Komisyonda, e-biletin ticari bir ürüne dönüştürülmesine itirazlar olurken,taraftarın kriminalize edilmesi de eleştirildi. “Taraftarın retinası taransın” gibi öneriler, insan haklarına aykırı bulundu. Fakat emniyet mensupları e-biletten çok memnun olduklarını ve sürekli güncellenen biyometrik fotoğraf kullanılmasını da önerdiler.
DEDİKODU VAR, İSPAT YOK
6222’ye dair tespitler:
-Çok kötü bir dille yazılmış.
-Yetki karmaşası var.
-Cezalar orantısız.
-Protokol tribünü büyük dert.
6222 ve medya... Hâlâ daha belgeye dayanmadan, dedikokudulara itibar ediliyor. Artık ‘sosyal medya’, oyuna olan güveni ‘klasik medya’dan daha fazla sarsıyor ve kimse “Gel, ispatla” demiyor.
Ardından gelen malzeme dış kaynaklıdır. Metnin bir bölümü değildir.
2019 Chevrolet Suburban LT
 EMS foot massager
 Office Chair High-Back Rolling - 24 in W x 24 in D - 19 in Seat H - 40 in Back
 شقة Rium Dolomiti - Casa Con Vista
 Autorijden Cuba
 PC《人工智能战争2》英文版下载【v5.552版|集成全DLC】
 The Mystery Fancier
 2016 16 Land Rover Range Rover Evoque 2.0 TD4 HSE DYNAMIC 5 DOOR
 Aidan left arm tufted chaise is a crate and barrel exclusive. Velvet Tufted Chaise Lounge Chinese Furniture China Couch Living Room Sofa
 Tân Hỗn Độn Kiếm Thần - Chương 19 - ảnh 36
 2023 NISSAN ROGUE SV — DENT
Ayrımcılık, ırkçılık ve cinsiyetçilik gibi nefret suçlarına dair de bir tartışma yapıldı. Amed olayının kabul edilemezliğinin altı çizildi. Ülkemizde, niyetten bağımsız olarak, ırkçı söylemlerin olduğu belirtilirken liderliği cinsiyetçiliğin aldığı da vurgulandı. Nefret suçu en çok da rakiplere karşı körükleniyor. Çalıştayın en büyük
eksiği taraftarın olmamasıydı. Oysa bizim “Neden sahaya atlıyorsun, kaçak giriyorsun, küfür ediyorsun” sorularının
cevaplarına ihtiyacımız var. Bu konuda Ege Üniversitesi’nden Doç. Dr. Ahmet Talimciler’in 1500 taraftarla daha önce yaptığı bir çalışma var. Spor sosyolojisi ve psikolojisi alanında yeni ve çok sayıda çalışma yapılması şart.
RANIERI, NASIL ŞAMPİYON OLDU?
O BIR ‘kaybeden’di. En fazla ‘ikinci’ydi. Yani ‘kazanan’a iman eden bu dünyada, aslında ‘hiçbir şey’di. Ama akiplerinden önce kendi komplekslerini yendi. Socrates dergisindeki şu alıntıya bakalım: “Klopp ve Guardiola’nın antrenmanlarını, maçlarını yakından takip ettim. Futbol ve hayat böyledir; açık fikirliyseniz, hep daha fazlasını öğrenebilirsiniz.” Karakolluk olmuş Vardy, taç atmayı bildiğinden şüphe edilen Mahrez, Leicester’a imza attığı günü lanetleyen Schmeichel ve bir ara “Futbolu bırakıp, muhasebeci mi olsam acep” diyen Morgan’dan oluşan ‘kaybedenler’den bir Premier Lig şampiyonu yarattı 64 yaşındaki Ranieri...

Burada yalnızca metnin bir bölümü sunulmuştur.